3. A representação e seus desvios: clientelismo e corrupção em Kitschelt

De acordo com Kitschelt (2000), grande parte das pesquisas sobre competição política em regimes democráticos assumem que os mecanismos de accountability que ligam os eleitores às elites políticas funcionam via o programa do partido e os resultados obtidos pelos representantes na implementação de políticas (voto retrospectivo). Esse pressuposto não leva em consideração outras formas de ligação entre eleitores e eleitos, por exemplo, carisma político individual e clientelismo. Kitschelt (2000) considera que o modelo de accountability que conecta os eleitores aos representantes, via conteúdo programático das plataformas partidárias, tem sido dominante na pesquisa comparada. Isso, segundo ele, influenciou negativamente a quantidade e a qualidade dos estudos que utilizam os outros elos (carismático e clientelista). Para isso, Kitschelt (2000), retoma os dois problemas centrais que os partidos precisam solucionar em sistemas democráticos, assim como sugeriu Aldrich (1995). São eles: a) problemas de ação coletiva; b) problemas de escolha social (agregação de preferências individuais em decisões coletivas).

Idealmente, se um partido não concentra esforços na resolução desses problemas, Kitschelt argumenta que é autoridade carismática de um ou poucos líderes que mantém o grupo coeso. Por outro lado, se os políticos se concentrarem apenas em administrative technical infrastructure sem conceder atenção ao problema de agregação de preferências o elo gerado entre representantes e representados será do tipo clientelista. Para o autor, clientelismo se caracteriza por reciprocidade, voluntarismo, exploração e dominação. Ainda, ele distingue dois tipos de clientelismo: a) tradicional (mais personalizado); b) moderno (mais impessoal).

Kitschelt (2000) diferencia os elos clientelistas dos programáticos. Nesse último, os partidos oferecem pacotes de políticas que beneficiarão os eleitores indiretamente, sem incentivos seletivos. Isso não quer dizer, todavia, que partidos programáticos necessariamente proverão bens coletivos enquanto partidos clientelistas produzirão automaticamente bens particulares. Nesse sentido, o autor defende que é muito mais fácil identificar os aspectos procedimentais de troca entre eleitores e políticos do que a natureza teleológica entre os programas partidários. Dessa forma, o elemento constitutivo básico dos modelos programáticos é que os partidos solucionam seus problemas de agregação de preferências (social choice problems) através do desenvolvimento de policy packages que tornam possível mapear temas em uma dimensão partidariamente competitiva. Na medida em que essas dimensões servem como atalhos informacionais, elas produzem clivagens entre os eleitores e os diferentes partidos.

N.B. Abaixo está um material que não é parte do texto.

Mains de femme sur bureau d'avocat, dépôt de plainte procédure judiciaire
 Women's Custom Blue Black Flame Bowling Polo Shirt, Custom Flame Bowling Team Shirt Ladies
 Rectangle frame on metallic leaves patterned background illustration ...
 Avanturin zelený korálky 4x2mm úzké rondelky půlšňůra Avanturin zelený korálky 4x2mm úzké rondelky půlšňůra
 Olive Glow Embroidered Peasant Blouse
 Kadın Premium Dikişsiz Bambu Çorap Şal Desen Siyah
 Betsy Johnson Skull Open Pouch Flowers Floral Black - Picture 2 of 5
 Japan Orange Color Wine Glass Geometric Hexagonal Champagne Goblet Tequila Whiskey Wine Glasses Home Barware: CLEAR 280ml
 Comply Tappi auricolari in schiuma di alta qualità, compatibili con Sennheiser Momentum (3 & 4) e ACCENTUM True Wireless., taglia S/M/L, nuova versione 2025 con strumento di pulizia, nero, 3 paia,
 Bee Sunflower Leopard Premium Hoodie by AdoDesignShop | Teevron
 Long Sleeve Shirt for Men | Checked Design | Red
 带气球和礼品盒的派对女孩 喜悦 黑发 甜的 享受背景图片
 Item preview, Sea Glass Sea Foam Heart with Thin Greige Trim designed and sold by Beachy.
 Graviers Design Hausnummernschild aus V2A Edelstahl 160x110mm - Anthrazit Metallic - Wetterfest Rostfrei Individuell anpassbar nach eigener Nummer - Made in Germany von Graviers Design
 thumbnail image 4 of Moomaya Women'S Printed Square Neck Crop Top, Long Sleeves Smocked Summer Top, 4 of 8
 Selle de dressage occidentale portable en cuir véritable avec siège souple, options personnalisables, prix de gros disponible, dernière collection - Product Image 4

O referido autor argumenta que em democracias clientelistas a corrupção é um elemento constitutivo, enquanto que em modelos programáticos pode ser acidental. Ao considerar a questão de se os modelos programáticos e clientelistas são excludentes ou se retroalimentam mutualmente, o autor acredita que é possível combinar corrupção e clientelismo com ideological politics, desde que em níveis residuais. Isso porque se um modelo é fortemente programático ela também não pode ser fortemente clientelista.

Kitschelt (2000) discute as teorias comumente utilizadas pela literatura para explicar o nível de desenvolvimento partidário. A primeira delas é a da modernização econômica. O argumento é de que em sistemas economicamente subdesenvolvidos os partidos tenderão a patronagem, clientelismo e corrupção. A medida em que o sistema se desenvolve, os partidos se institucionalizam, tornando-se mais programáticos. A segunda é o nível de educação. Isso porque quanto maior for a escolaridade média da população maior é a probabilidade dela perceber os custos do clientelismo. Um outro elemento utilizado para explicar a emergência de um ou outro modelo de ligação entre eleitores e representantes é seguinte binômio: regras eleitorais + relação Executivo-Legislativo. Quanto mais as regras incentivarem o personalismo, maior é a probabilidade de clientelismo.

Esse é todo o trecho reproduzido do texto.